Both women went on to have periods of sickness absence and unpaid leave. After their grievances and internal appeals were rejected they also went on to bring claims for indirect sex discrimination. At around the same time, the women were offered ground duties for a six month period only.

Decision

The Employment Tribunal found that the PCP was the requirement for crew members to fly the flying patterns that they were rostered and this could require them work in excess of 8 hours and for as long as required. It accepted that the PCP put women at a particular disadvantage and put the claimants at a disadvantage.

It then fell to easyJet to objectively justify the discriminatory PCP. The airline said the PCP was justified by a number of legitimate aims which principally related to the need to deliver its flying schedule without delays and cancellations. It said that rejecting individual requests to adjust the roster was a proportionate means of achieving those aims. The Tribunal rejected these arguments on the basis that it was speculative: no real life examples of individual adjustments to the roster causing difficulties had been shown. The Tribunal found in favour of the claimants, commenting that that the airline should have offered adjusted flying hours to the women (particularly as there was evidence that bespoke rostering arrangements had been created for other employees in the past).

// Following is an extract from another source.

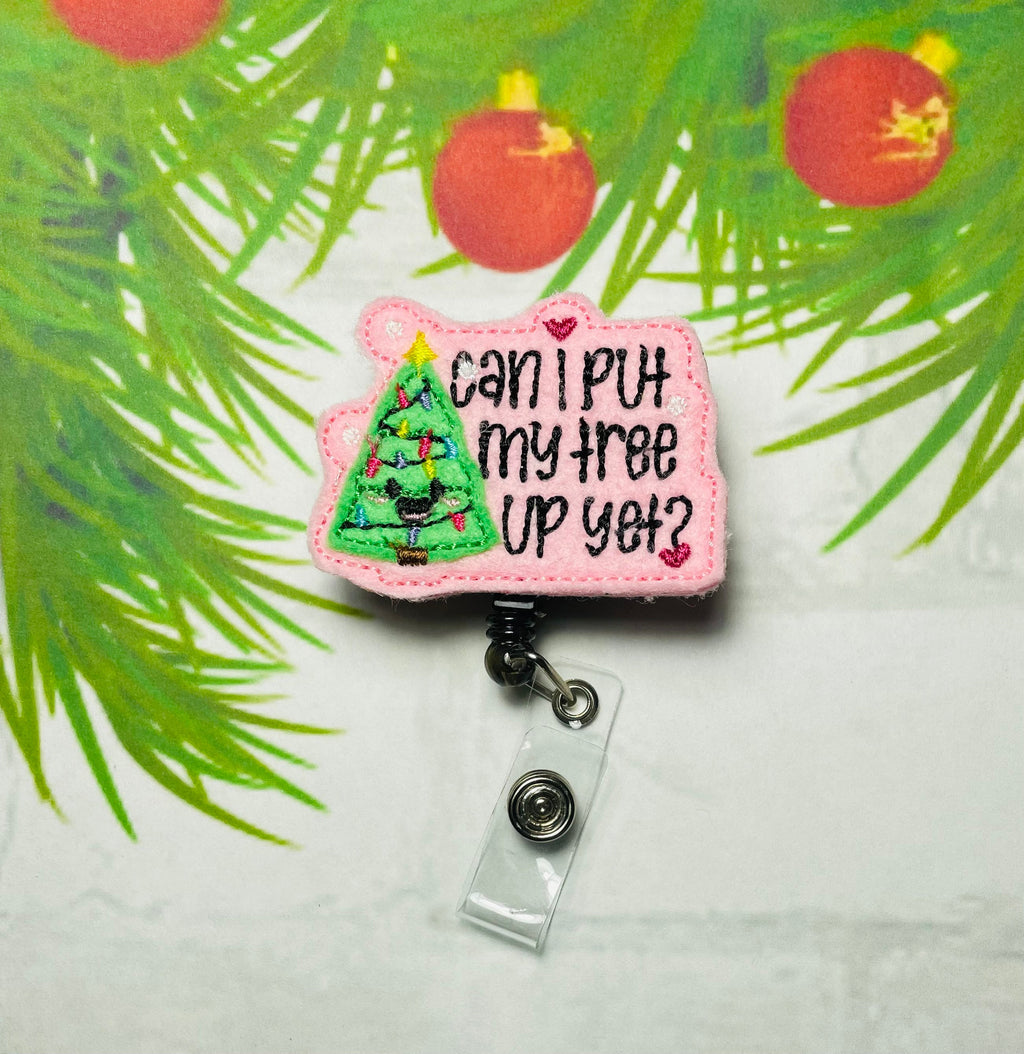Christmas retractable badge reel, ID lanyard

In addition to awarding compensation, the Tribunal recommended that the sickness absence taken by the women be discounted from any future attendance management or redundancy scoring processes and any enhanced sick pay entitlement used should be discounted when considering future entitlements. Further, the women should be allowed to reclaim any holiday used to cover the absences following the rejecting of the flexible working requests.

Comment 

This decision highlights that the material risk which flows from rejecting a flexible working request is a complaint of indirect sex discrimination, for which compensation is uncapped. Although it is possible to justify indirectly discriminatory practices, this case illustrates how difficult that task can be. Here, the Tribunal rejected the employer's position, which it regarded as little more than speculative assertions. Instead, clear evidence was needed to explain precisely why creating bespoke rosters for the claimants was unacceptable.

In this case, the employer faced unusual practical difficulties in accommodating an employee who wished to express breast milk during their shifts. In more standard working environments, it would be even more difficult for an employer to justify the refusal of flexibility to the working schedule to allow breaks to express breast milk.